* [Task brief]
Write the lines out again, from the top of the material to the line containing "CHANEL Shoulder Bag", pictures excluded.

━━ Records supplied

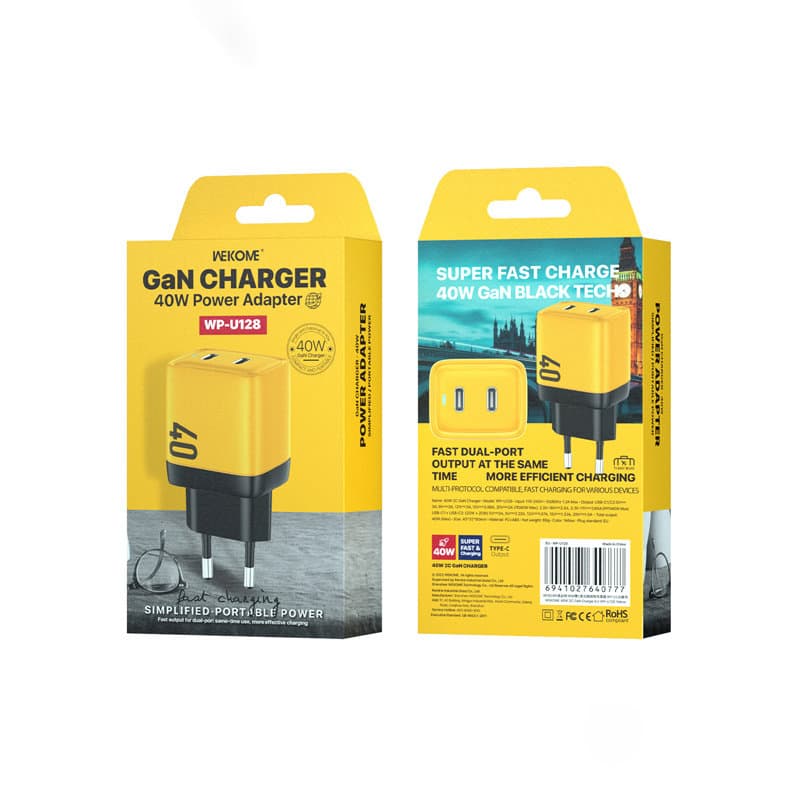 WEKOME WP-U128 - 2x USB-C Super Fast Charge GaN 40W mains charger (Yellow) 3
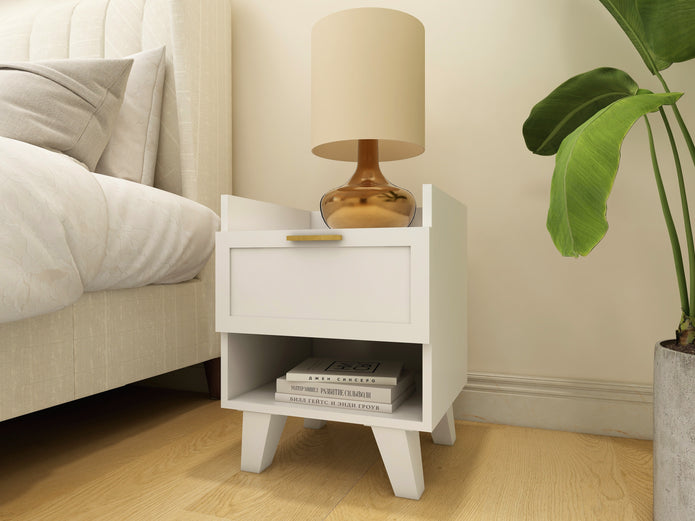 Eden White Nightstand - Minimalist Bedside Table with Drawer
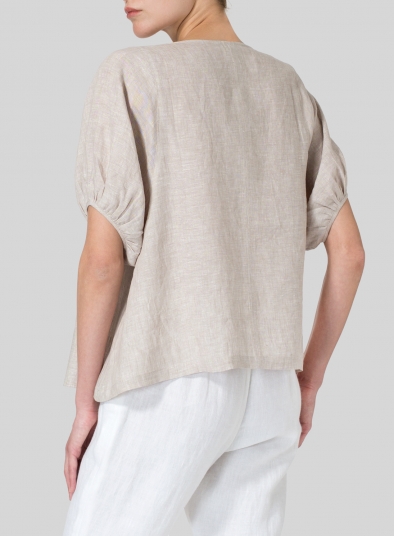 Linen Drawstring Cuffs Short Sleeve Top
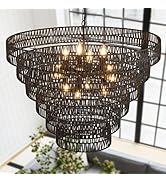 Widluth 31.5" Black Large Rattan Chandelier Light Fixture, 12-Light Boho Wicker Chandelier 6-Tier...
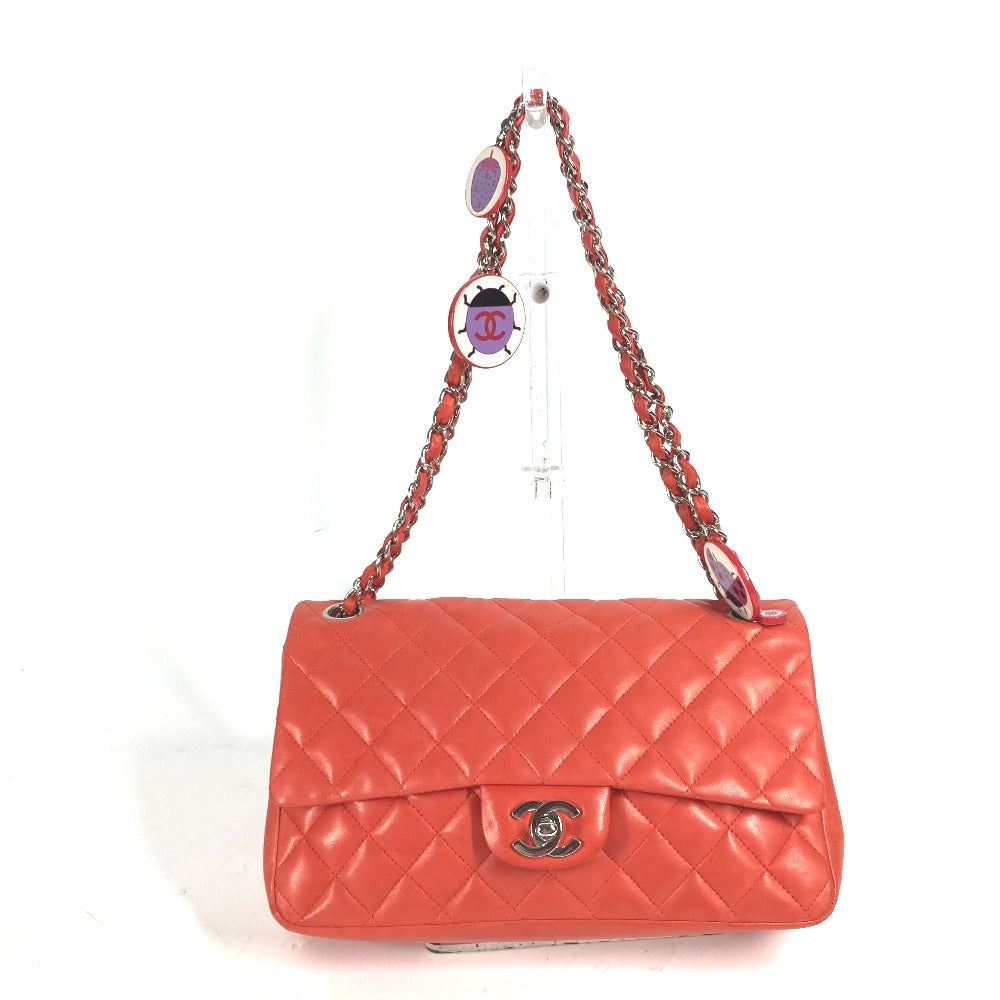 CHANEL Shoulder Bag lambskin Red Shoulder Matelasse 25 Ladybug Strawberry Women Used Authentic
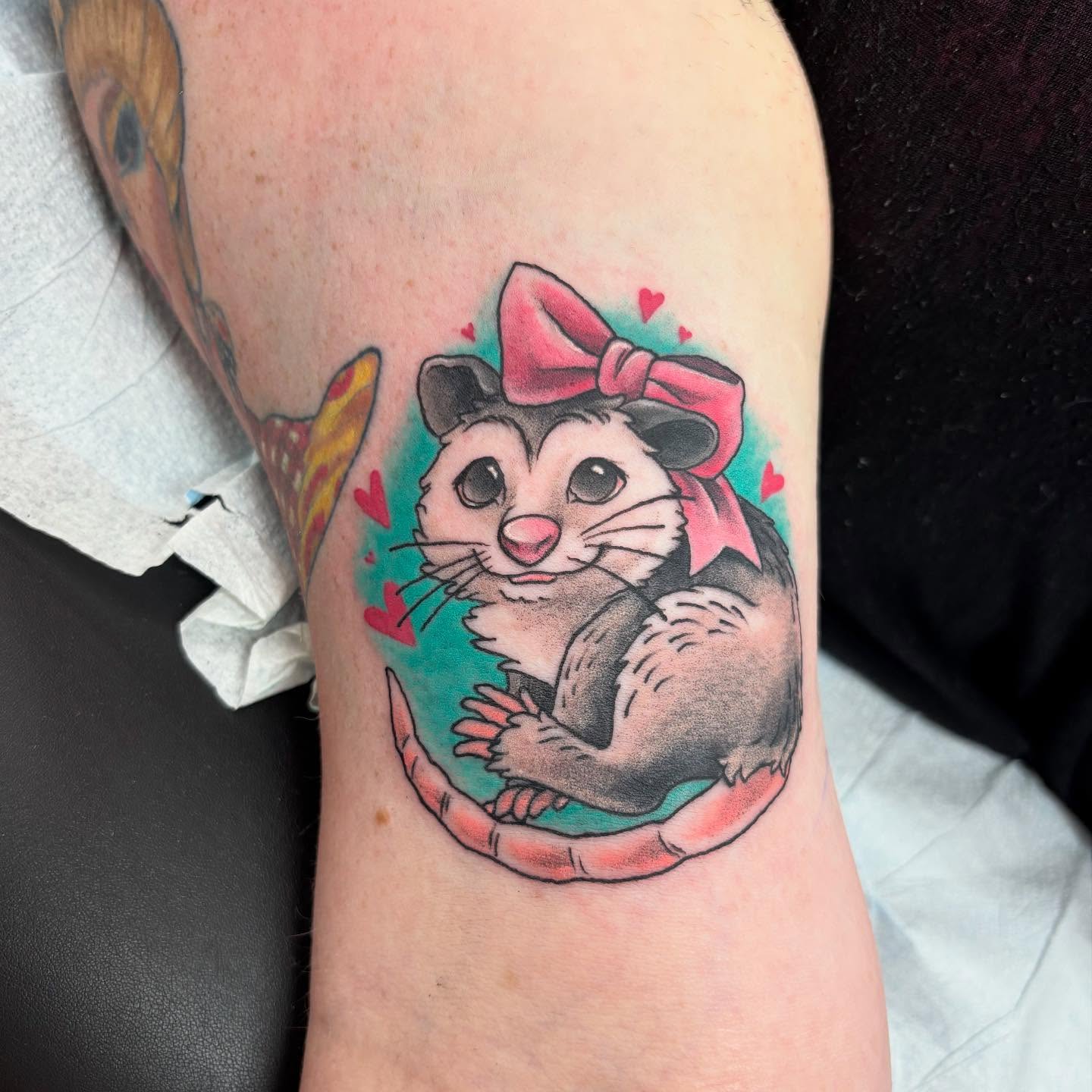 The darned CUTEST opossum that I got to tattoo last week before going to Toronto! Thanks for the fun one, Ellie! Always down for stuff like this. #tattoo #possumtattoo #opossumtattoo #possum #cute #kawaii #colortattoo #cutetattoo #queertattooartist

━━━━

* [Solution below]
 WEKOME WP-U128 - 2x USB-C Super Fast Charge GaN 40W mains charger (Yellow) 3
 Eden White Nightstand - Minimalist Bedside Table with Drawer
 Linen Drawstring Cuffs Short Sleeve Top
 Widluth 31.5" Black Large Rattan Chandelier Light Fixture, 12-Light Boho Wicker Chandelier 6-Tier...
 CHANEL Shoulder Bag lambskin Red Shoulder Matelasse 25 Ladybug Strawberry Women Used Authentic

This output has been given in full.